Exercise
The line holding "Une fermière tricote" is the last one to output; start at the first line of the data, keep every line in between exactly, and leave out pictures.

[Extracted data entries]
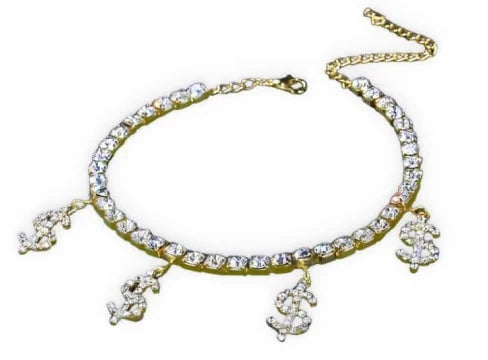 Fashionable gold-colored anklet with four dollar-shaped pendants adorned with rhinestones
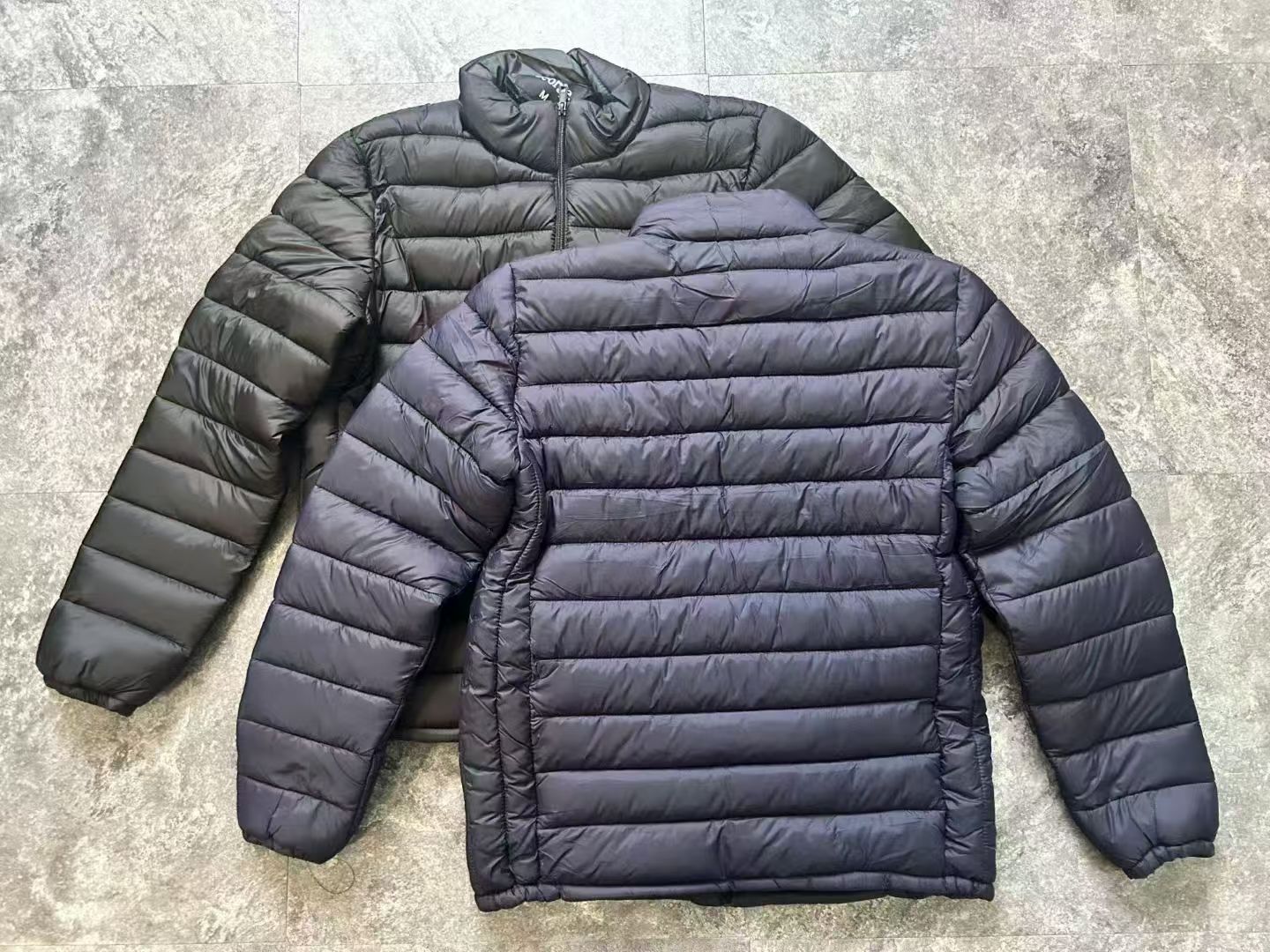 Front view of men's navy blue lightweight puffer jacket TF9000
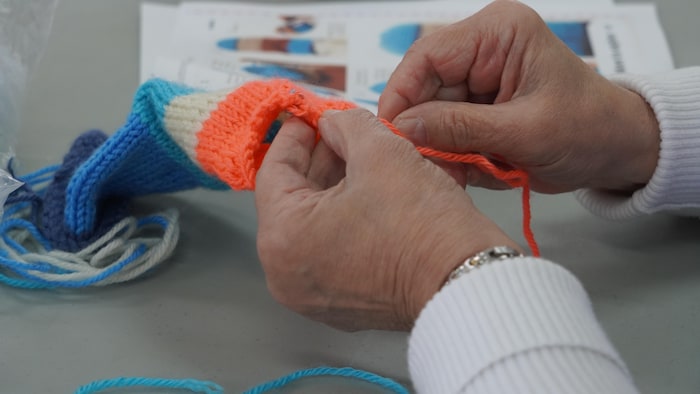 Une fermière tricote une poupée avec des aiguilles et de la laine.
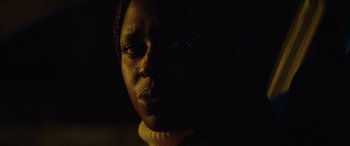 Movie still from “Queen & Slim” (2019), directed by Melina Matsoukas – A person's face in the dark; Close Up shot, Low angle
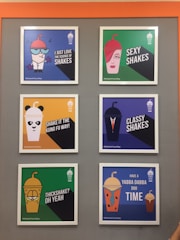 A display of six framed posters on a grey wall featuring various graphic designs and text related to milkshakes. Each poster has a colorful background and an illustration resembling a character with words like 'I just love the science of shakes,' 'sexy shakes,' and 'thickshake? oh yeah.' The posters have a humorous and playful design with vibrant characters.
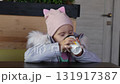 Little girls drinking cocoa in a cafe 131917387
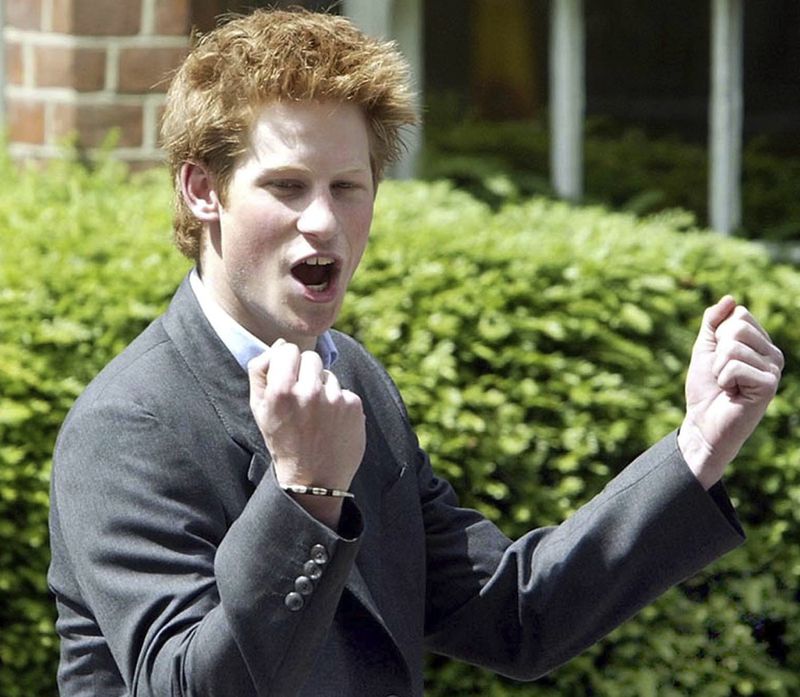 FILE - Britain's Prince Harry, 18, punches the air as he leaves Eton College on his last day at the top public school where he has been a pupil for five years, in Windsor, England, on June 12, 2003. (AP Photo/Dave Caulkin, File)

Your solution
 Fashionable gold-colored anklet with four dollar-shaped pendants adorned with rhinestones
 Front view of men's navy blue lightweight puffer jacket TF9000
 Une fermière tricote une poupée avec des aiguilles et de la laine.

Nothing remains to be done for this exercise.